Still, I couldn’t shake a deep, dark, painful truth. Your pain began so long ago, Robin. And maybe that’s part of why it was so hard to escape it, Robin.

I didn’t tell the officer about your brother’s friends, about the abortions you had because of them, or about your husband leaving. I told her that you’d suffered brain damage from an accident and you’d found it hard to keep up with your life since then. I knew as I was telling her that it was a simple version of a half-truth, a distillation of so many truths.

Bolted lock
Photo by Kaffeebart on Unsplash

But it was true, what I said. And maybe, Robin, it was the only truth that that stranger deserved hearing. I thought for a long time about who needed to know what about you. Did your friends need to know what happened when you were fifteen, and how you carried it around with you? Did your sister need to understand?

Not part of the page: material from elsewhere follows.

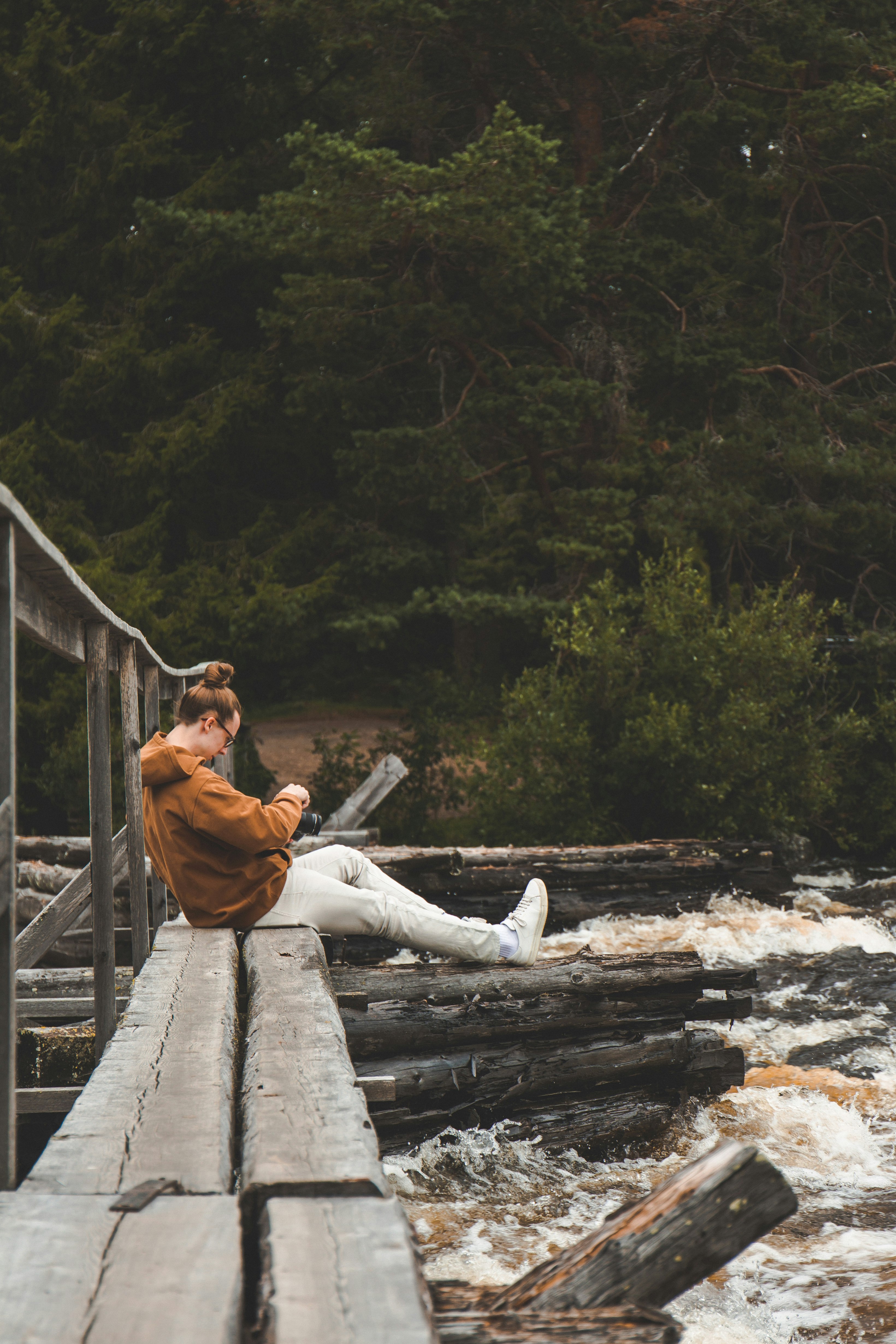 man in brown jacket sitting on brown wooden bridge during daytime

I gave the officer a satisfying answer, an answer that would stamp your death as definite suicide.

Case closed.

The question mark remained over your stated time of death. You must have been planning it for some time. The letter was detailed. The instructions for your funeral were specific. The rope was probably in your closet, for how long, Robin, weeks? Months? For as long as I’d known you?

The month before you died, you showed me the collages you’d made of your life. There was one for every stage, as you called them: every place you lived, every boyfriend, every degree, every promotion. You told me the stories of every mountain you’d climbed. You told me who each of the men were, and you showed me the pictures of your niece from before you and your sister lost touch.

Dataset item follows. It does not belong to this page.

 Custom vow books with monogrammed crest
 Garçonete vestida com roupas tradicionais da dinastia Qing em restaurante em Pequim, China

When you showed me those collages, were you hoping I’d stand at your funeral ready to point out what you’d said about the faces and places that you’d meticulously arranged on those poster-board reflections of your life?

It wasn’t easy for you to talk about your emotional pain, Robin, I know that. I think you knew I could sense it was there, anyways, and knowing that gave you comfort. Maybe that’s why you told me about your brother’s friends and the abortions. Maybe that’s why you shared those collages with me. Maybe that’s why you asked me to stay for dinner the last time I saw you.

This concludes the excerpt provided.